What the task asks
Start at the line with "Liver Cancer - Lymphoma" in the records below, stop at the line with "Lunar I Silbermünze", and return every line in that span exactly, the two end lines included.

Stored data
___

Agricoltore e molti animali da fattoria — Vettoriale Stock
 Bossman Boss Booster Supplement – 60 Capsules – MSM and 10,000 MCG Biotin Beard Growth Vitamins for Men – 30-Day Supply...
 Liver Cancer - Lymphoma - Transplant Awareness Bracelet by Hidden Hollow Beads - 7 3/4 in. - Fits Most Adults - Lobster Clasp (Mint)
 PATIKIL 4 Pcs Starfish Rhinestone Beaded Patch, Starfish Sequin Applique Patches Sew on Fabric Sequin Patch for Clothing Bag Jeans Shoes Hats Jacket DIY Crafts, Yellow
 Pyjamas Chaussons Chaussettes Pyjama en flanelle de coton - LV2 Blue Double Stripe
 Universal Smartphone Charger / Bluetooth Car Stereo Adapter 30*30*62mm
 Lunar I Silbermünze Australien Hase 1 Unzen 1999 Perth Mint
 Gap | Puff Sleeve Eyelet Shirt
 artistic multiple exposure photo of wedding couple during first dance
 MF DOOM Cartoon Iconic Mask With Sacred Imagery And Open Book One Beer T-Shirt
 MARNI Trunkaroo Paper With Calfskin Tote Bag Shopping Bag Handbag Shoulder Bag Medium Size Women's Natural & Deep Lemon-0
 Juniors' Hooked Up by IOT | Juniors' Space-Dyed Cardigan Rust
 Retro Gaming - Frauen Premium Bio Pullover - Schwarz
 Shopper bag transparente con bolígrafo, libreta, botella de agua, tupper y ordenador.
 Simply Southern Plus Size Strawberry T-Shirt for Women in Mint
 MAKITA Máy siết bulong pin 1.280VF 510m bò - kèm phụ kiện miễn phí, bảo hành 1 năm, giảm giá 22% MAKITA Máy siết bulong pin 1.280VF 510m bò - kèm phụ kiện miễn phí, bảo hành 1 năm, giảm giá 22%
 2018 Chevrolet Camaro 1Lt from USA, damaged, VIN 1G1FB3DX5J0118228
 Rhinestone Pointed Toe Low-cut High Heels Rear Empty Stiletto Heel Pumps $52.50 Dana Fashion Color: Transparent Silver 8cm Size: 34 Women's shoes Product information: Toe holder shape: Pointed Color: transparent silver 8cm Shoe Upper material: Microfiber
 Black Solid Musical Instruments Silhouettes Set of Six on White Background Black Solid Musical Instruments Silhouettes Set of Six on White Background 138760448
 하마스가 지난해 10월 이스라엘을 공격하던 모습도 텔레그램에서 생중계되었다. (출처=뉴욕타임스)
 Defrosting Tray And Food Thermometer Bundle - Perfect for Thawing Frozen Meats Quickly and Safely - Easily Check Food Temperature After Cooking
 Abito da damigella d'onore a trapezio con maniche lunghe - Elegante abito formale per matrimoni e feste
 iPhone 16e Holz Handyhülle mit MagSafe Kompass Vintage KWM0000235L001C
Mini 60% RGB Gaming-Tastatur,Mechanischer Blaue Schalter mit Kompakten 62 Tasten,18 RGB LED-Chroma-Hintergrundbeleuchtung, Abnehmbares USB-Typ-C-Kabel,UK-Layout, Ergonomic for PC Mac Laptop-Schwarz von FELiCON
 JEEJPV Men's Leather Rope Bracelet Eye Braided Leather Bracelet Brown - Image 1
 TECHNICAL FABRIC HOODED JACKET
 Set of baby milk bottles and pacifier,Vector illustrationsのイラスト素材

___

Answer section
 Liver Cancer - Lymphoma - Transplant Awareness Bracelet by Hidden Hollow Beads - 7 3/4 in. - Fits Most Adults - Lobster Clasp (Mint)
 PATIKIL 4 Pcs Starfish Rhinestone Beaded Patch, Starfish Sequin Applique Patches Sew on Fabric Sequin Patch for Clothing Bag Jeans Shoes Hats Jacket DIY Crafts, Yellow
 Pyjamas Chaussons Chaussettes Pyjama en flanelle de coton - LV2 Blue Double Stripe
 Universal Smartphone Charger / Bluetooth Car Stereo Adapter 30*30*62mm
 Lunar I Silbermünze Australien Hase 1 Unzen 1999 Perth Mint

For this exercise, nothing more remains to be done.